Filed under: CBO,Execution plans — Jonathan Lewis @ 1:32 pm GMT Jan 14,2008

A recent item on one of the Oracle forums posed a question about copying statistics from one database to another (typically that would be development to test) to check the sanity of executions on a database that didn’t really have the proper scale of data.

In this case the poster was looking at a test system which had 150% more data than a development system.  After copying the statistics from one system to the other, a simple query showed different execution plans on the two systems, as follows (I’ve trimmed the bytes, cost, and time columns at the right hand to get a better page fit).

Test

------------------------------------------------------------------------------- 
| Id | Operation                | Name          | Rows | Cost | Pstart| Pstop | 
------------------------------------------------------------------------------- 
|  0 | SELECT STATEMENT         |               |   30 |    2 |       |       | 
|  1 |  PARTITION RANGE ITERATOR|               |   30 |    2 |    12 | 14    | 
|* 2 |   TABLE ACCESS FULL      | TBL_TX_REPORT |   30 |    2 |    12 | 14    | 
-------------------------------------------------------------------------------    

Development

 
-------------------------------------------------------------------------------------------------- 
| Id | Operation                            | Name                 | Rows | Cost | Pstart| Pstop | 
-------------------------------------------------------------------------------------------------- 
|  0 | SELECT STATEMENT                     |                      |    1 |    1 |       |       | 
|  1 |  PARTITION RANGE ITERATOR            |                      |    1 |    1 |    12 |    14 | 
|* 2 |   TABLE ACCESS BY LOCAL INDEX ROWID  | TBL_TX_REPORT        |    1 |    1 |    12 |    14 | 
|* 3 |    INDEX RANGE SCAN                  | IX_TBL_TX_LONDONTIME |    1 |    1 |    12 |    14 | 
--------------------------------------------------------------------------------------------------    

The question is, what else (apart from the object statistics) could the plans depend on.

The first thing to note is that the cardinality (rows) estimates are different – so the difference in plans is not inherently to do with costing, it’s to do with the calculation of selectivity. So we need to find out why the selectivity can be different when the object statistics are supposed to be the same.

Investigation point one – we don’t have the query and we don’t have the full execution plan; so we are a little deprived of clues. The execution plan should always be a proper report from dbms_xplan, showing the access_predicates and filter_predicates. In this case, we may find that (for reasons as yet unknown) the predicates reported in the plans are different – and don’t necessarily match the predicates in the original query.

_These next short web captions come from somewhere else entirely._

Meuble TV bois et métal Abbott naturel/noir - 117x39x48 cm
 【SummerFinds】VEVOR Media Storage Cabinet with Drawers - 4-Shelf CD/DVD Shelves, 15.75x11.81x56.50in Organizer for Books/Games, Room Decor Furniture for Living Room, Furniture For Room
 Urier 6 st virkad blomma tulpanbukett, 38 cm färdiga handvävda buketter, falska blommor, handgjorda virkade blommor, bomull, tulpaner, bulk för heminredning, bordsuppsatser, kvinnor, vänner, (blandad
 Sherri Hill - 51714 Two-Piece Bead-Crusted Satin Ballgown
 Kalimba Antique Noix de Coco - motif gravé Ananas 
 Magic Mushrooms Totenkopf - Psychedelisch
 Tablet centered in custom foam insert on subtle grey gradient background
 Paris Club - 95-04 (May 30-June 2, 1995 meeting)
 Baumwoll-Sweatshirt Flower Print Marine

It’s possible that there is a difference in (say) some of the NLS parameters that causes a concealed implicit conversion that blocks an index.  (You can’t help noticing that the index used has the words “London Time” in the name – maybe there’s a funny time zone conversion going on that has been hidden.

Investigation point one and a half – run the query that does a table scan with a hint to use the target index: maybe it simply can’t use it at all.

Investigation point two – assuming the predicates are identical, are all optimizer-related parameters the same (and don’t forget the Oracle version as a starting point). The simplest option is to enable event 10053 and run a simple query like “select ‘rubbish’ from dual”.  There is a section in the trace file that lists all the optimizer environment details. If you find a difference check if the name (and description) make it look like the guilty parameter.

Investigation point three – tedious, but if the predicates are the same and the environments are the same, you have to query the statistics and check that they really are the same. Maybe the export/import simply didn’t work properly. This is really tedious because it means querying user_tables, user_indexes, user_tab_partitions, user_ind_partitions, user_tab_cols, user_part_col_statistics, user_tab_histograms and user_part_histograms for the table and all its indexes and any columns in the “where clause” to see that all the statistical information is identical.

If you get to the end of point three and still can’t spot the issue, you might want to look at the 10053 trace which, in this case, is likely to be fairly short, and see if you can spot where the difference first appears.

12 Comments »

  1. If the statistics were truly “copied” using SQL*Plus copy command, the number values would be converted to decimals (for portability). This will round your density values to 0’s or 1’s when they would likely be some fraction in-between.

    I’ll defer to you on how a change in density could impact the plans if num_distinct and num_nulls are still accurate.

    Comment by Anthony Cordell — January 14, 2008 @ 9:13 pm GMT Jan 14,2008 | Reply

  2. If the statistics are cloned from dev to test which is 150% bigger there is a good chance that the test system has data outside the known range (low – high) of the development (!) statistics.

    If the predicates are not identical but take their cue from the larger data distribution of the test system you can easily run into the situation where the predicate value is outside the low-high column value range. And if the system is a 10g system this leads to the optimizer “Using prorated density: [ 1/(2*num_rows) ] of col #n as selectivity of out-of-range value pred”. The 10053 trace will have the actual number for 1/(2*num_rows) in place of “[ 1/(2*num_rows) ]”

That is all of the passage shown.